++++ Exercise data

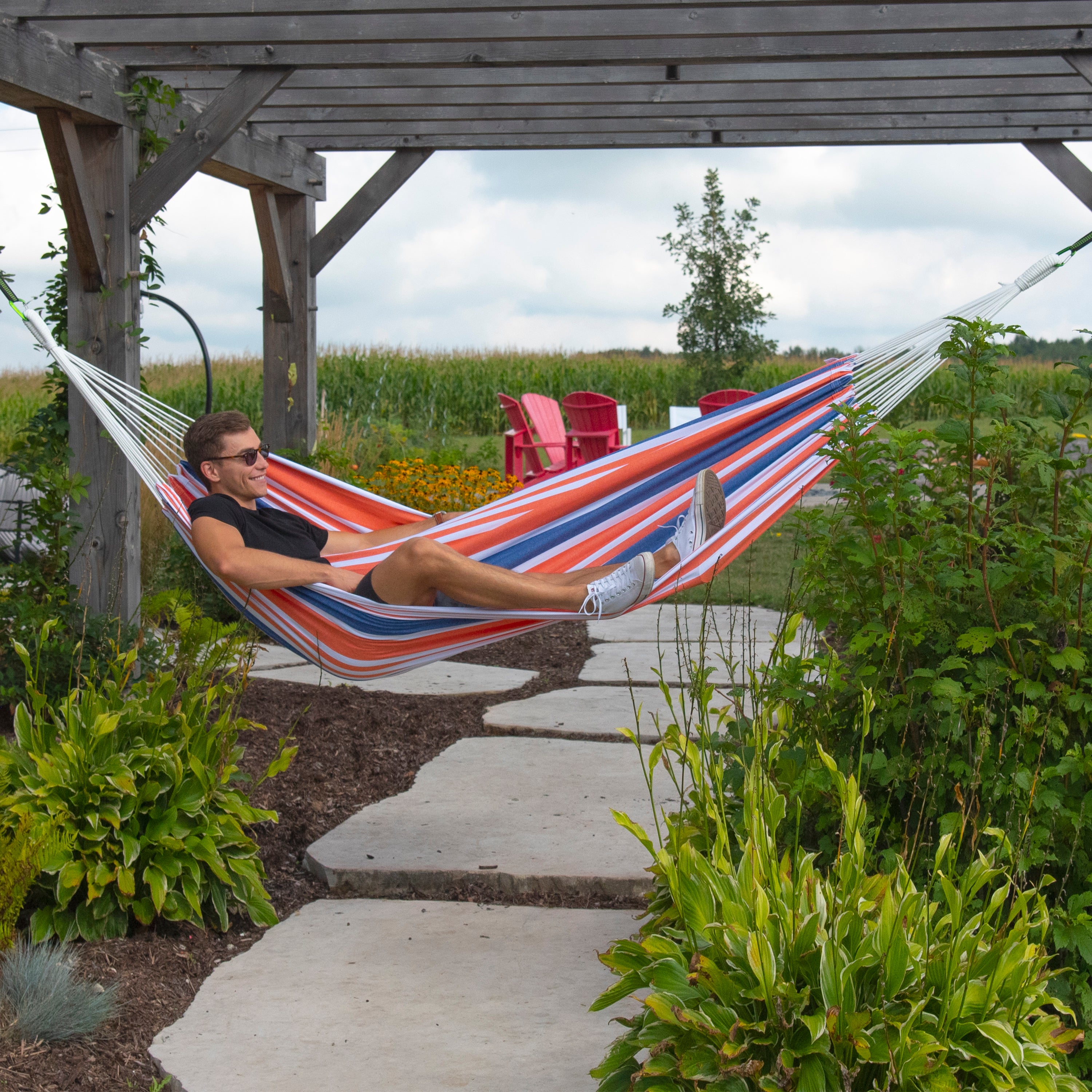 Brazilian Style Hammock - Double Orange Punch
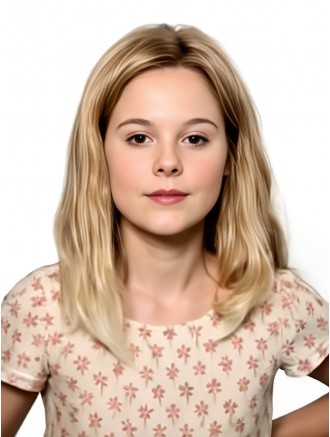Wholesale 12 Inch Wavy Blonde Lace Front Human Hair Kids Wigs Without Bangs
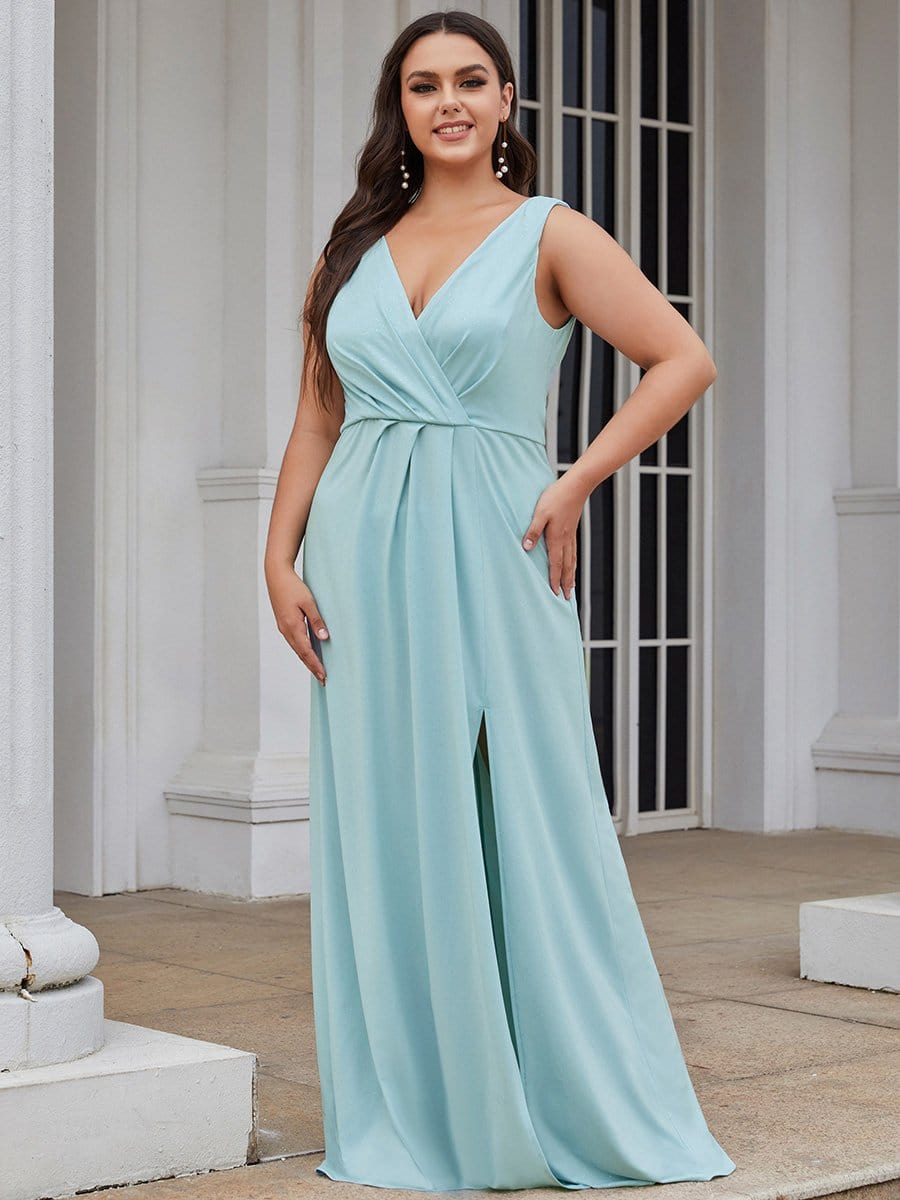 COLOR=Sky Blue | Shiny V Neck Floor Length Plus Size Evening Dresses with Side Split-Sky Blue 3 COLOR=Sky Blue | Shiny V Neck Floor Length Plus Size Evening Dresses with Side Split-Sky Blue 3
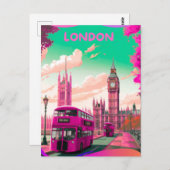 London Travel Postcard Art, London Travel Art, Eng Postkarte (Vorne/Hinten)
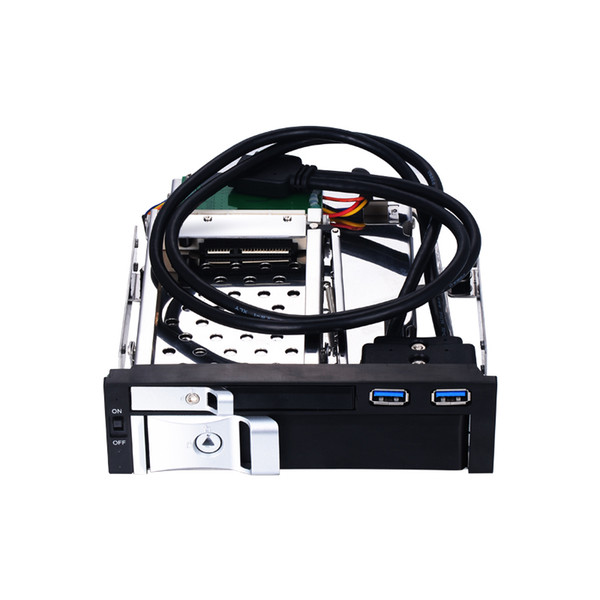 5.25 inch SATA internal hdd mobile rack with two USB3.0 port with hot-swap enclosure for 5.25 optical pc bay trayless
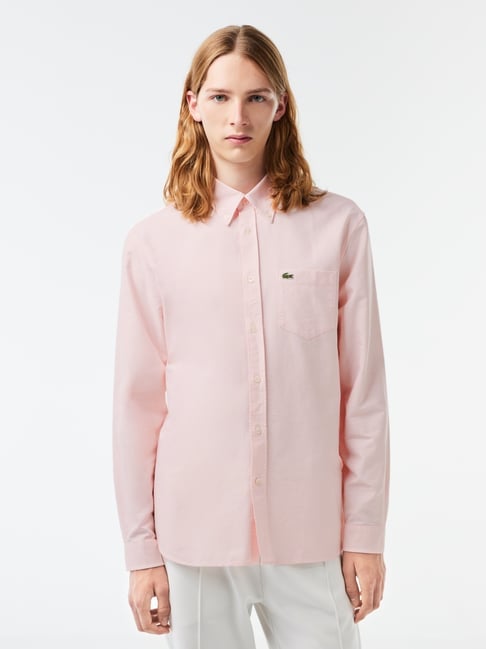Lacoste Pink Cotton Regular Fit Shirt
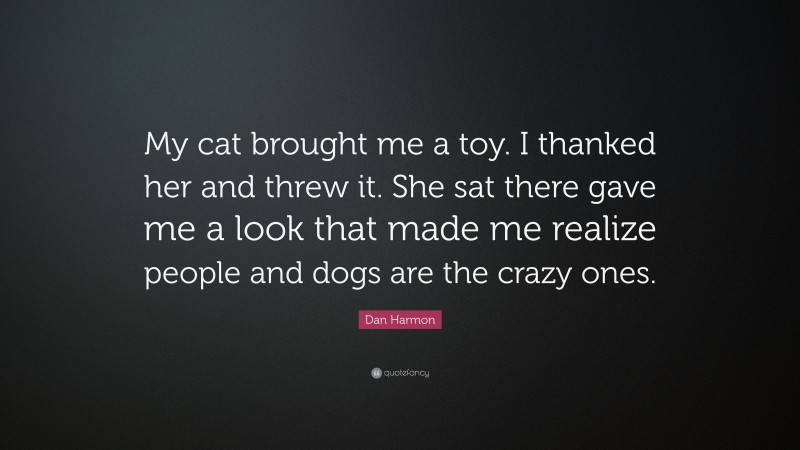 Dan Harmon Quote: “My cat brought me a toy. I thanked her and threw it. She sat there gave me a look that made me realize people and dogs are the crazy ones.”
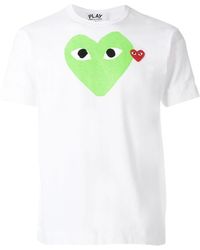 COMME DES GARÇONS PLAY - T-Shirt With Round Neck And Short Sleeves - Lyst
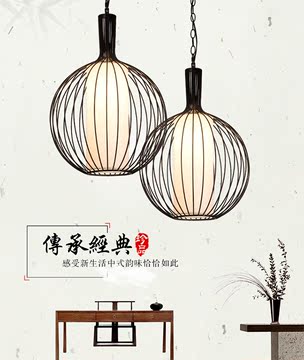 新中式吊灯 简约仿古餐厅走廊过道阳台灯铁艺圆形美式饭厅灯deng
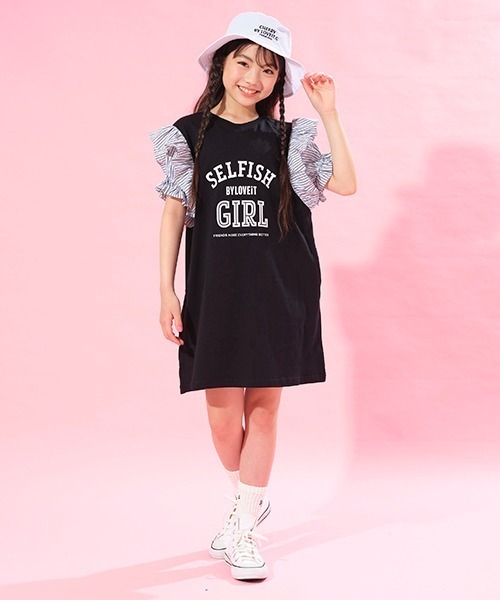 by LOVEiT(バイラビット)の「フリフリレイヤード風ミニワンピース(ワンピース・キッズ・ブラック/グリーン/ラベンダー・130cm/160cm/140cm/120cm/150cm)」の2枚目の写真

++++++++

◆ What to do
To complete this exercise, transcribe exactly the lines above from the one that holds "Lacoste Pink Cotton Regular Fit Shirt" through the one that holds "COMME DES GARÇONS". Pictures stay out.

◆ The answer
Lacoste Pink Cotton Regular Fit Shirt
 Dan Harmon Quote: “My cat brought me a toy. I thanked her and threw it. She sat there gave me a look that made me realize people and dogs are the crazy ones.”
 COMME DES GARÇONS PLAY - T-Shirt With Round Neck And Short Sleeves - Lyst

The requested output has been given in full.